Top: Fresh Mint, Green Apple, Lemon
Heart: Tonka Bean, Ambroxan, Geranium
Base: Vetiver, Oakmoss, Vanilla, Cedarwood
That look is wrong.
Alberto Morillas composed it — the same nose behind some genuinely serious fragrances — and the construction reflects that even if the branding doesn't. The opening is fresh mint and green apple, sharp and more dynamic than either note alone. Lemon brightens it further. The heart is where it surprises: tonka bean and ambroxan pulling warm and slightly magnetic, geranium holding the sweetness in check. The combination is cleaner than it has any right to be given how assertive the opening is.

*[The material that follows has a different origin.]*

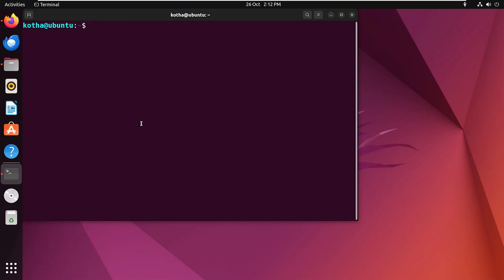Now I will remove the package using dpkg. For that, enter the command sudo dpkg -r and the package name, which is to-desk. No need to enter the full name.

The base is vetiver, oakmoss, and cedarwood — dry and woody, giving the whole thing a foundation the opening didn't hint at. Vanilla sits underneath, warm but not sweet. The mint and the base stay in balance across the entire wearing, which is technically harder than it sounds and something cheaper fragrances routinely fail to manage.
Six to ten hours depending on skin, strong projection for the first few hours that softens into something more personal by the end. Works across seasons — the fresh-warm construction is versatile enough that you're not fighting weather. Spring through autumn is the sweet spot; winter works but the fresh mint opening feels slightly incongruous in heavy cold.
$70–$85 for 100ml. The "it's generic" criticism is really a criticism of how common it got, not the fragrance itself. Smell Eros without the context of every party it attended and you'd call it a confident, clean-warm masculine with more complexity than it shows at first. That's still exactly what it is. For the price, the performance and construction put it ahead of many things sold at twice the cost. The reputation it has is the one it was given, not the one it earned.